───── Supplied entries ─────
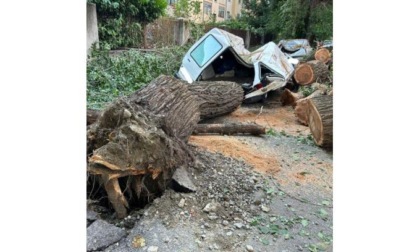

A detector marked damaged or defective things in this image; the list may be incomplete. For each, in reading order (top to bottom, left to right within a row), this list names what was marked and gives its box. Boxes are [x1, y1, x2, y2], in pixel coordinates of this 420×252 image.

shattered windshield [190, 35, 223, 68]
crushed white car [176, 27, 298, 102]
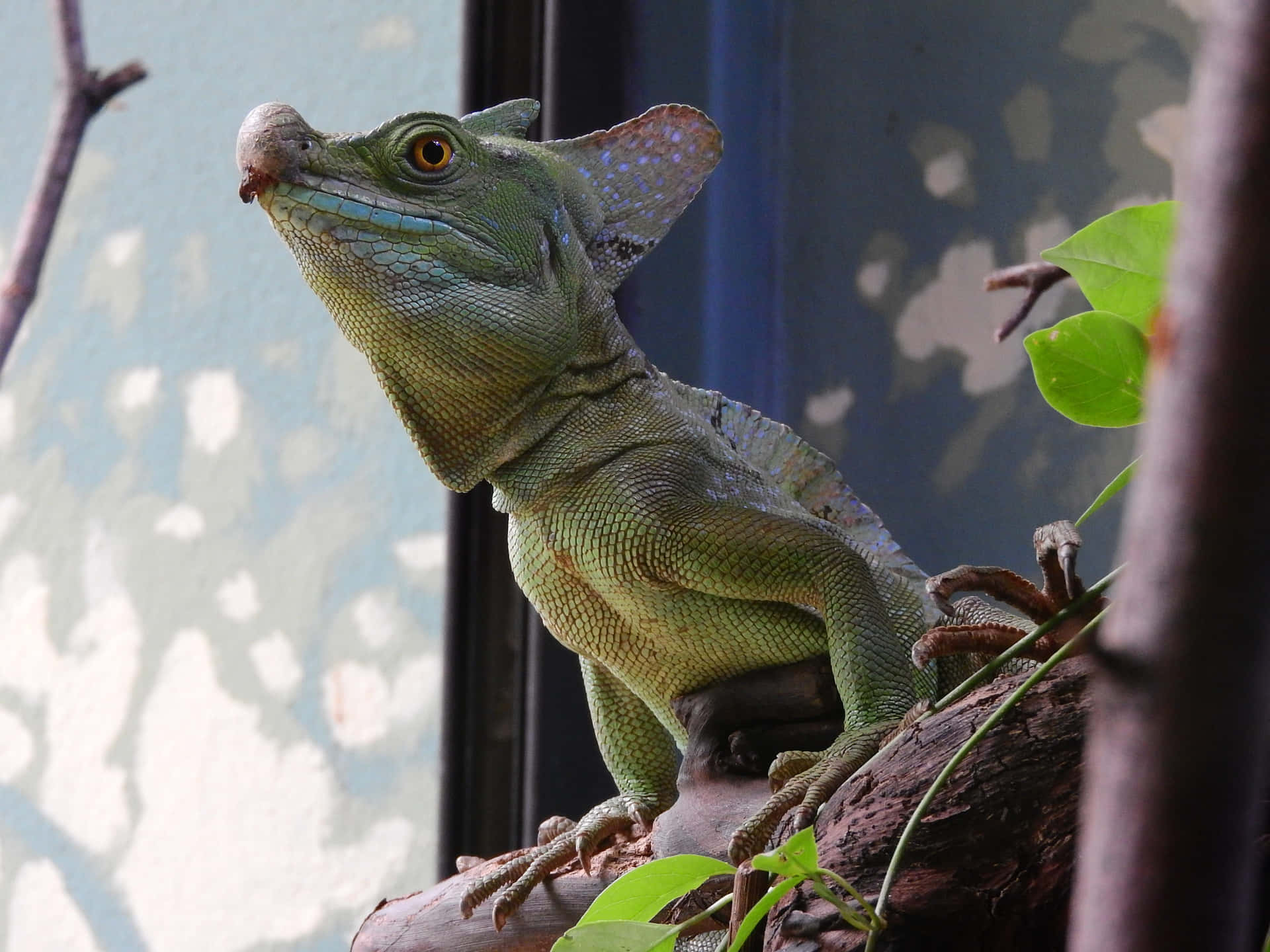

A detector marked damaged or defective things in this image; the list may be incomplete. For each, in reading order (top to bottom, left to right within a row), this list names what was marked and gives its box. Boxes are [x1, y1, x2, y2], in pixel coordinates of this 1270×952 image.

peeling paint wall [0, 3, 458, 947]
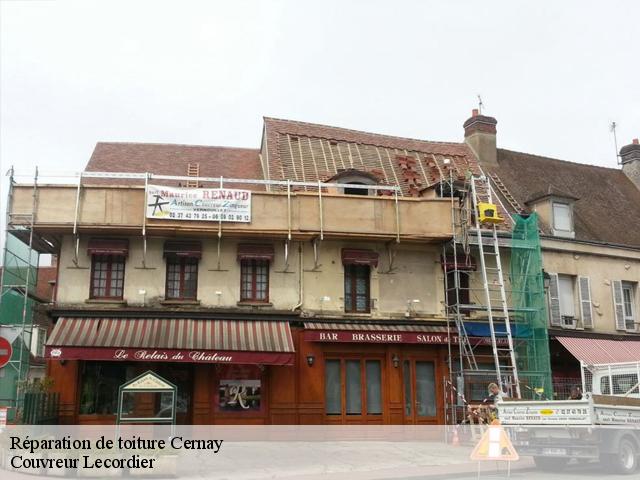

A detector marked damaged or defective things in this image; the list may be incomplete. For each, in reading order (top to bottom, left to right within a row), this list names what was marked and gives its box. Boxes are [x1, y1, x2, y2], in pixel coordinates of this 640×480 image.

damaged roof section [260, 116, 480, 195]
─────
● **The task**
Leave the pictures out. Extract exactly the lines running from the one with "this 1270×952 image." through the last entry, both ends included.

● **Expected answer**
A detector marked damaged or defective things in this image; the list may be incomplete. For each, in reading order (top to bottom, left to right within a row), this list names what was marked and gives its box. Boxes are [x1, y1, x2, y2], in pixel coordinates of this 1270×952 image.

peeling paint wall [0, 3, 458, 947]

A detector marked damaged or defective things in this image; the list may be incomplete. For each, in reading order (top to bottom, left to right within a row), this list names what was marked and gives its box. Boxes are [x1, y1, x2, y2], in pixel coordinates of this 640×480 image.

damaged roof section [260, 116, 480, 195]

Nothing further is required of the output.